Debt Financing of a Wholesale Business
Whenever talking about business matters one can never forget debt financing. Now a days it has become part of many companies or you can say the whole world is running on debt finance. Wholesale business requires a lot of capital money to just start the business because a wholesaler has to stock different kinds of products in bulk quantity in warehouse. Debt financing actually means to get loans from a number of sources such as banks, government agencies, etc.
Studies show that roughly 50 percent of wholesale enterprises depend on financing for expenses such as buying ware house space, products, equipment and other assets. The main characteristics of a loan include mandatory return of a fixed rate of interest on the principal amount. Wholesalers get debts from banks and other companies dedicated for this reason and buy products from manufacturers. Wholesalers also get products directly from manufacturers on debt. While on other hand retailers also do the same thing to buy products from wholesalers.
Kinds of Debt Financing
There are two kinds of debt financing; short term and long term. In short term financing you will return the capital money with interest within one year. It is usually needed for the day-to-day operations of a wholesale business, such as purchasing supplies, inventory, or paying the salaries of employees. In long term financing the loan is taken for more than a year. It is usually used for buying business assets such as equipment, buildings, land, warehouse or machinery.
Advantages of Debt Financing
There are various advantages of debt financing like when you are taking debt then you are master of your own fate and you are in full control and don’t have to share profits with any investors and partners. When investors and partners are involved in your business then for sure they are also part of your business and can ask you questions about your way of running business.
There are many firms who are giving loans to wholesalers and other companies on competitive rates so there are wide opportunities for wholesalers to get loans on the terms which suit them. The other big advantage of debt financing is that you don’t have to pay tax on the money taken which ultimately reduces your liability of paying tax every year.
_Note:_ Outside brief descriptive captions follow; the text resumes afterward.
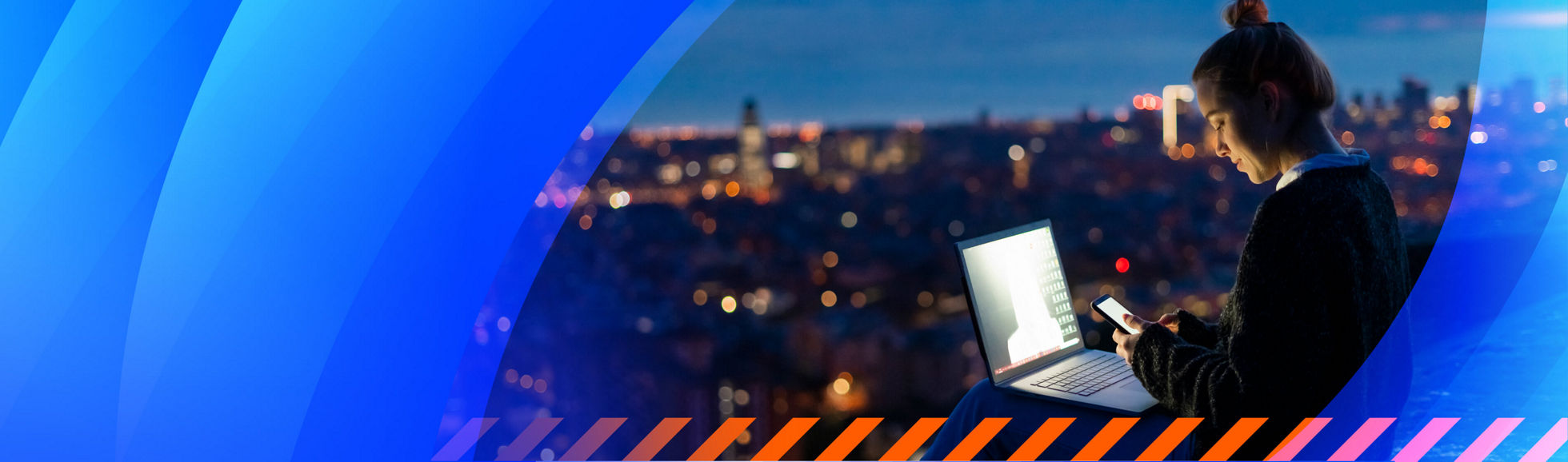 A young woman using a laptop in front of a city skyline 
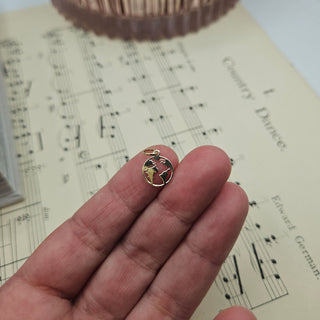gold earth charm in hand for scale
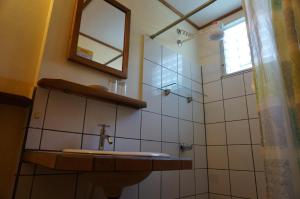 a bathroom with a sink and a mirror at Hostal Hansi in Bocas Town +70 photos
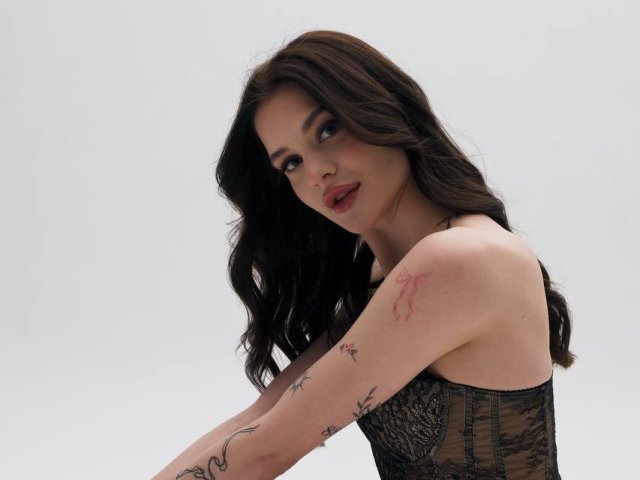 LuisaClover has long, wavy brown hair, dark eyes, and red lipstick. She wears a black lace corset, exposing her tattooed arms. Her tattoos include a red scar-like design on her right upper arm and a small black star on her left forearm. She looks over her shoulder with a slight smile. The image is sharp, with a simple, grey background that emphasizes her figure and tattoos. The composition focuses on her upper body and facial expression. Her makeup is bold, contrasting with her natural hair texture.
Disadvantages of Debt Financing
On other hand there are many disadvantages of borrowing money in wholesale business. In many cases, the wholesaler is under heavy debt already when he needs new funds. Obviously not making the loan payments will ruin the debtor credit ratings and make borrowing from the creditor in the future difficult or impossible and in business reputation is the only thing which makes you survive in the market. Many banks and other agencies require you to provide some kind of security to obtain the loan successfully. Sometimes many business men end up confiscating their whole properties. Besides there can be a possibility of legal action against debtor at any time. In short we can say when ever a person is getting debt he is going to run his business at risk of bankruptcy.